和泊町のNPO心音が無料の英語教室開講

講師の林さん(右)と共に楽しく英語を学ぶ子どもたち=26日、和泊町伊延

講師の林さん(右)と共に楽しく英語を学ぶ子どもたち=26日、和泊町伊延

 和泊町のNPO法人心音(安徳建二理事長)は26日、同町伊延の指定多機能型事業所「サランセンター」で無料の英語教室を開講した。初回は未就学児から小学生まで17人が参加。「英語を楽しく学ぶ」をモットーに約1時間のレッスン。児童らは講師の発音を聞いたり、日常で用いるフレーズを使い会話したりして、英語でコミュニケーションをとる楽しさを実感していた。

 

 心音は、発達障がい児らを対象とした放課後等デイサービスなど、子育て支援に関するさまざまな事業を展開。
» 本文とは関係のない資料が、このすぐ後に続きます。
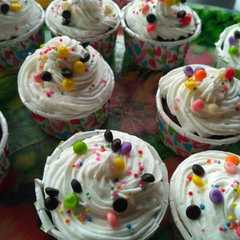 รูปของ Cup cake (base brownis) #beranibaking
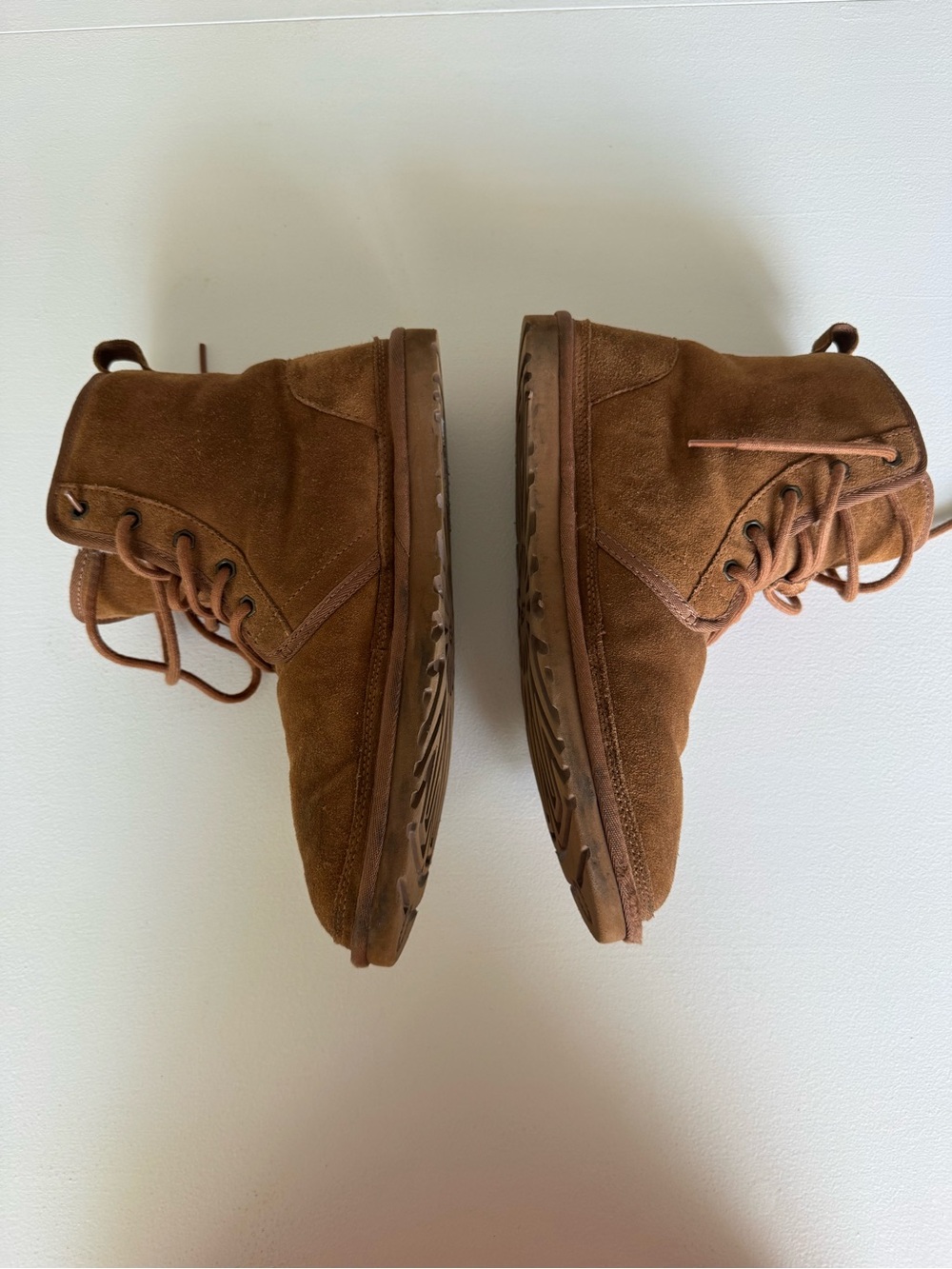 UGG Harkley Chestnut Shearling Lined 1016472 Sheepskin Mid Top Lace Casual Boots - Picture 5 of 13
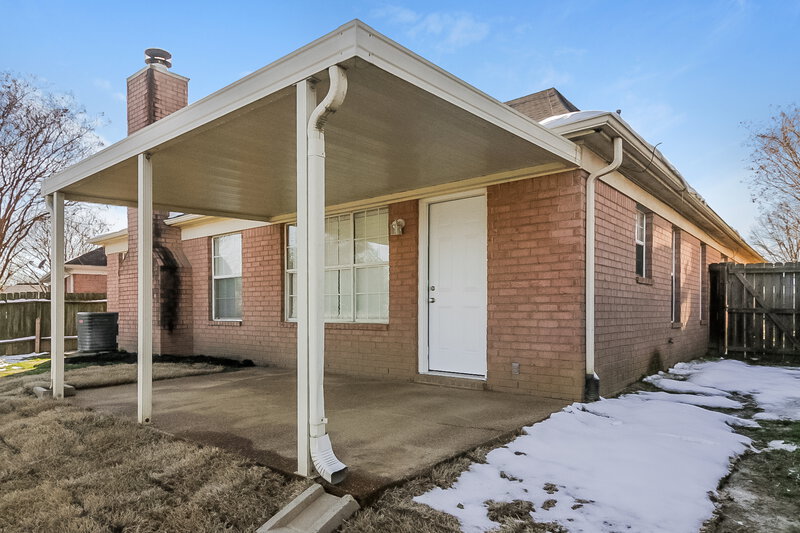 1,695/Mo, 2240 Lake Springs Ln Cordova, TN 38016 Rear View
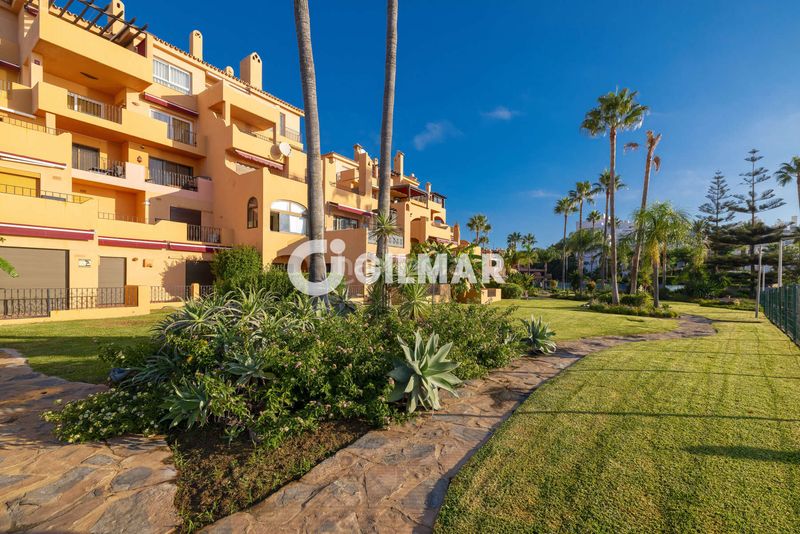 Foto 90a643b4-bc8c-49d9-920d-f446a949f017. Duplex con riscaldamento parcheggio piscina in Seghers Estepona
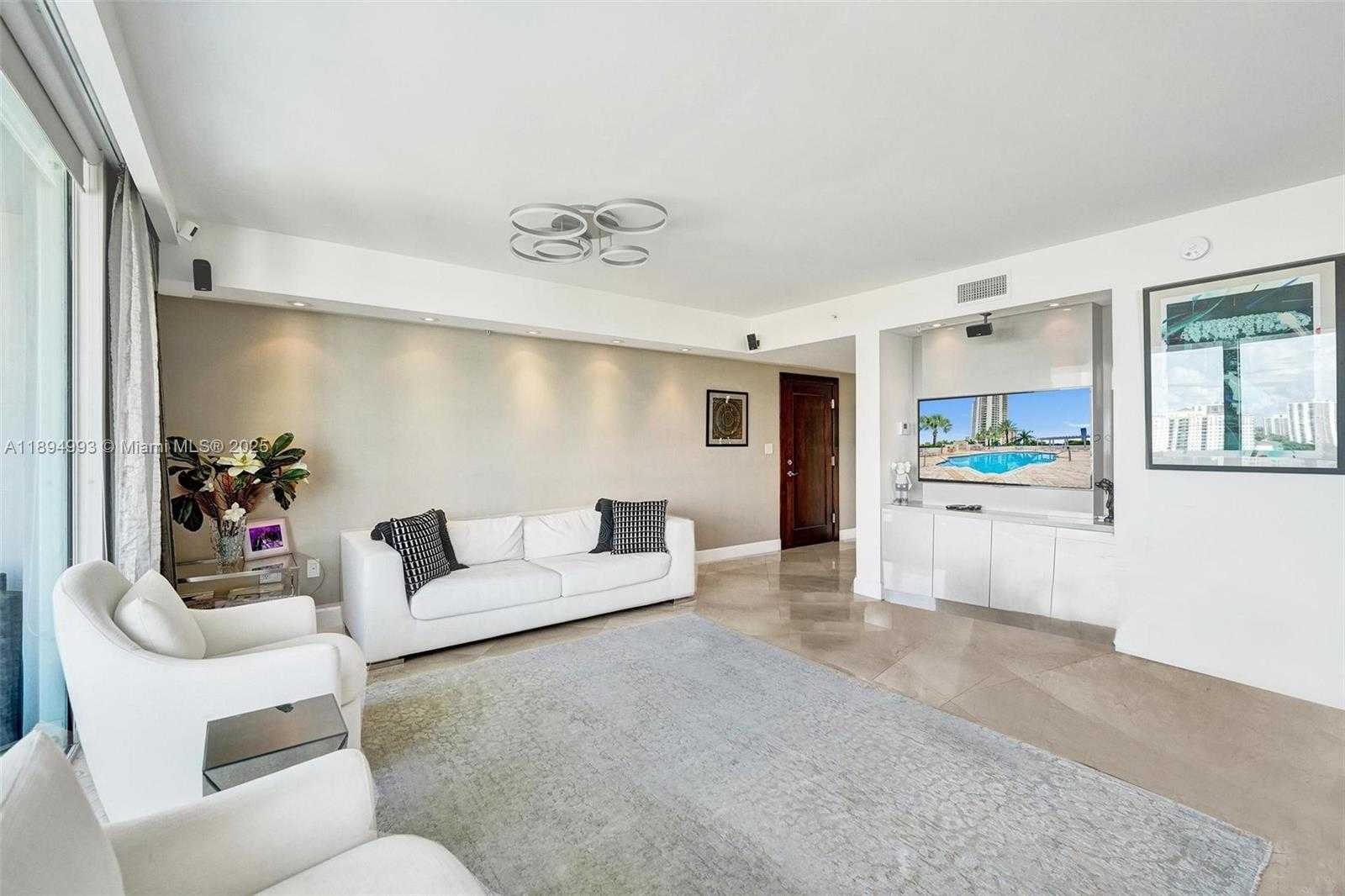 Small Image of 19400 TURNBERRY WAY #1012, Aventura Number 5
英語教室は離島の限られた教育環境の中でグローバルな人材の育成と、子どもたちの学びの場の充実などが目的。

 

 講師は海外での滞在歴や、沖縄で留学生らを対象とした日本語教室の講師経験もある林秀地さん(34)。5月から児童指導員として同NPOのスタッフに加わったのを機に、「林さんの語学力や指導力を島の子どもたちの学びに役立てよう」(安徳理事長)と英語教室を企画した。

 

 初回は、絵本を英語に翻訳した読み聞かせや、日常的な英会話の反復練習などを行い、英語の魅力に触れた。大城小3年の大山嘉斗君は「英語が話せたのが楽しかった」と笑顔を見せた。

 

 林さんは「英語を学ぶ上で、できるだけ早い段階から慣れ親しむことはとても大切。たくさんの英語を聞き、少しずつ練習しながら言葉に出すということを念頭に、子どもたちと楽しくやっていけたら」と話した。

 

 初回は試験的な意味を込め、大城小に限定して教室の開催を告知。今後は町内の児童や保護者らのニーズを確かめながら、開催頻度や定員数などを検討していくという。